With pictures excluded, retype exactly every line from the one containing "Sherpa 2-in-1 Backpack" to the end of the records below.

══ Data in this exercise

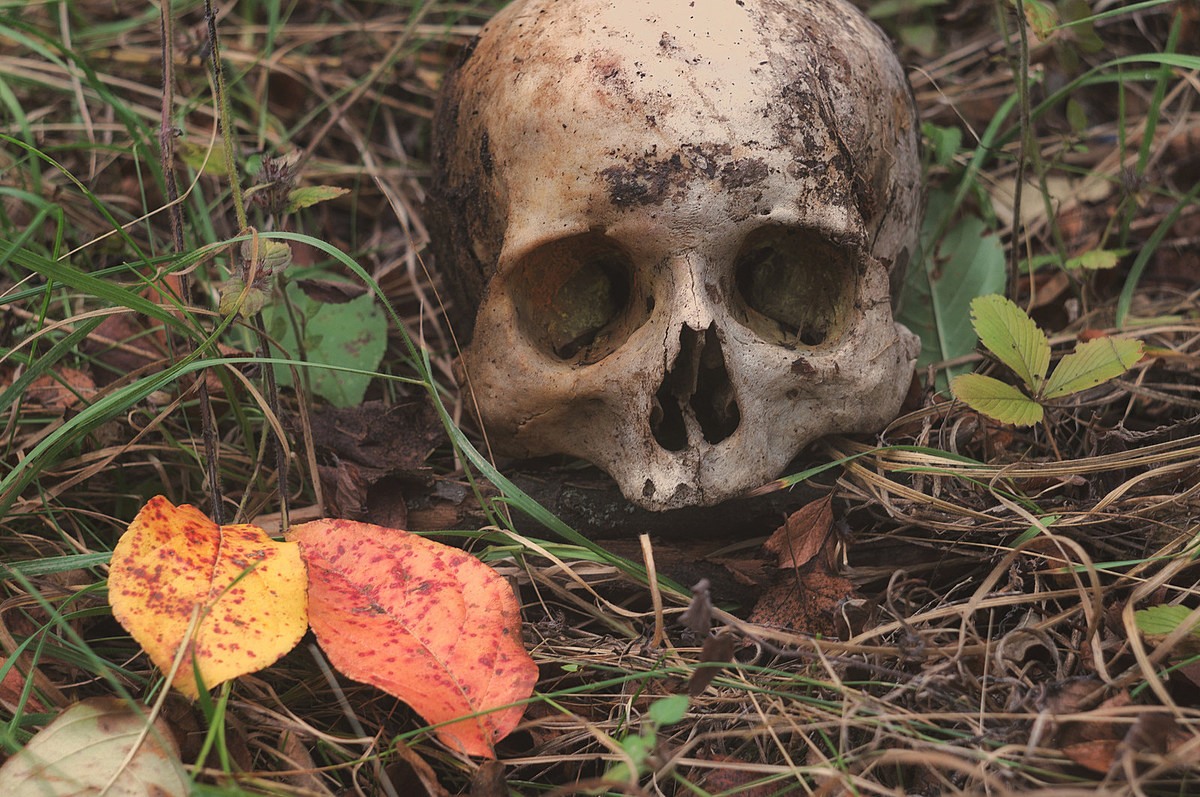 Real Human Skull Found In Iowa Park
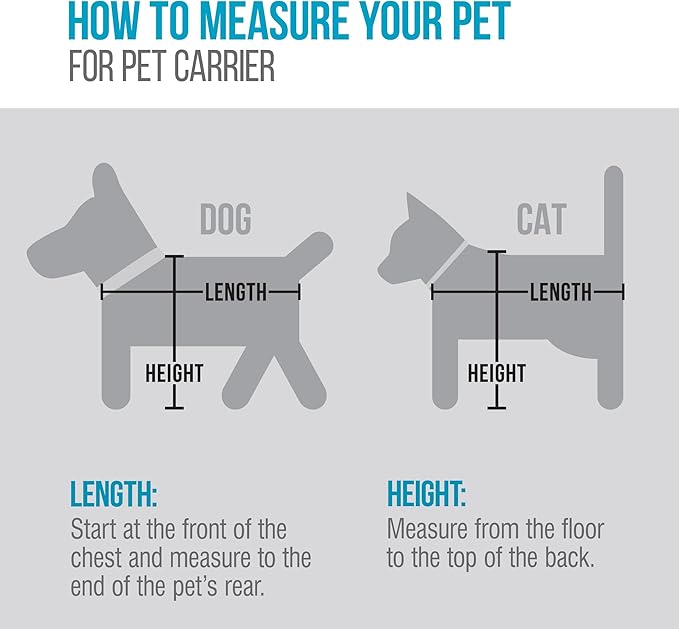 Sherpa 2-in-1 Backpack Travel Pet Carrier, Airline Approved & Guaranteed On Board - Gray, Medium (Brick & Mortar Version)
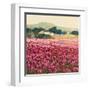 Le Jardin Rouge, Provence-Hazel Barker-Framed Art Print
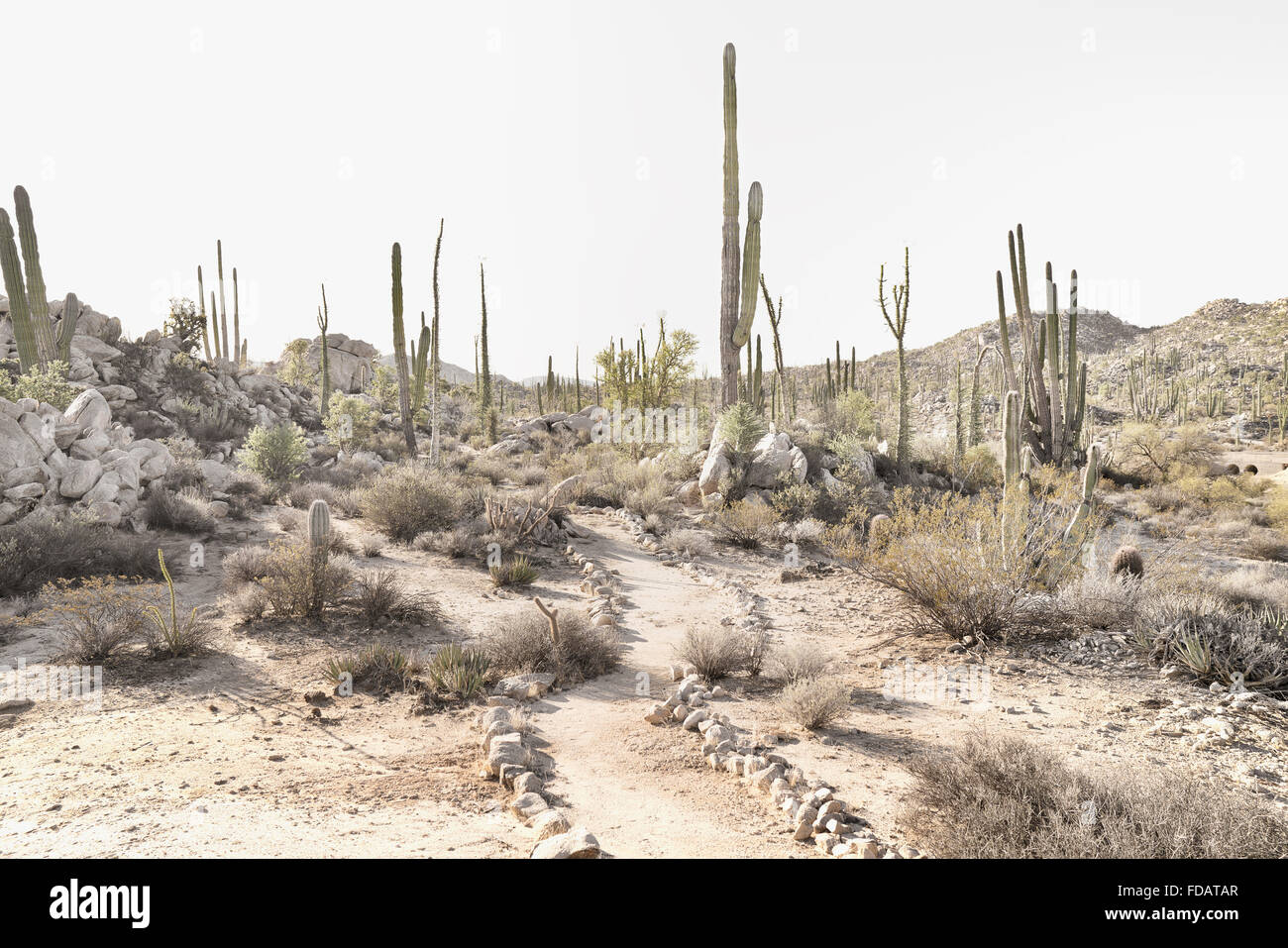 Desert trail in Baja California, Mexico Stock Photo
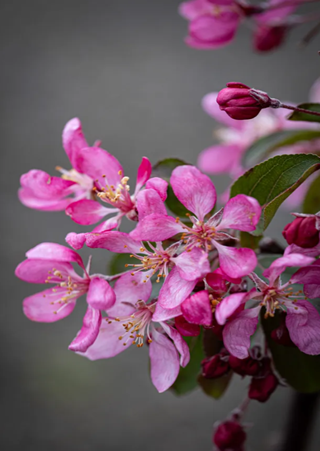 Malus Candied Apple 12 Litre - image 3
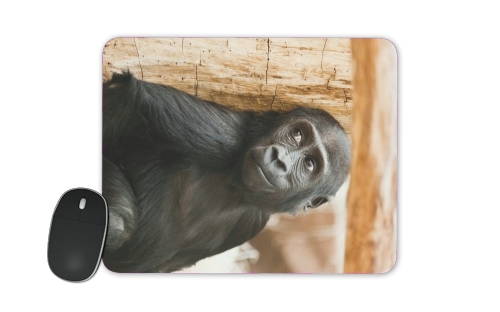  Baby Monkey for Mousepad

════

# Your solution
 Sherpa 2-in-1 Backpack Travel Pet Carrier, Airline Approved & Guaranteed On Board - Gray, Medium (Brick & Mortar Version)
 Le Jardin Rouge, Provence-Hazel Barker-Framed Art Print
 Desert trail in Baja California, Mexico Stock Photo
 Malus Candied Apple 12 Litre - image 3
  Baby Monkey for Mousepad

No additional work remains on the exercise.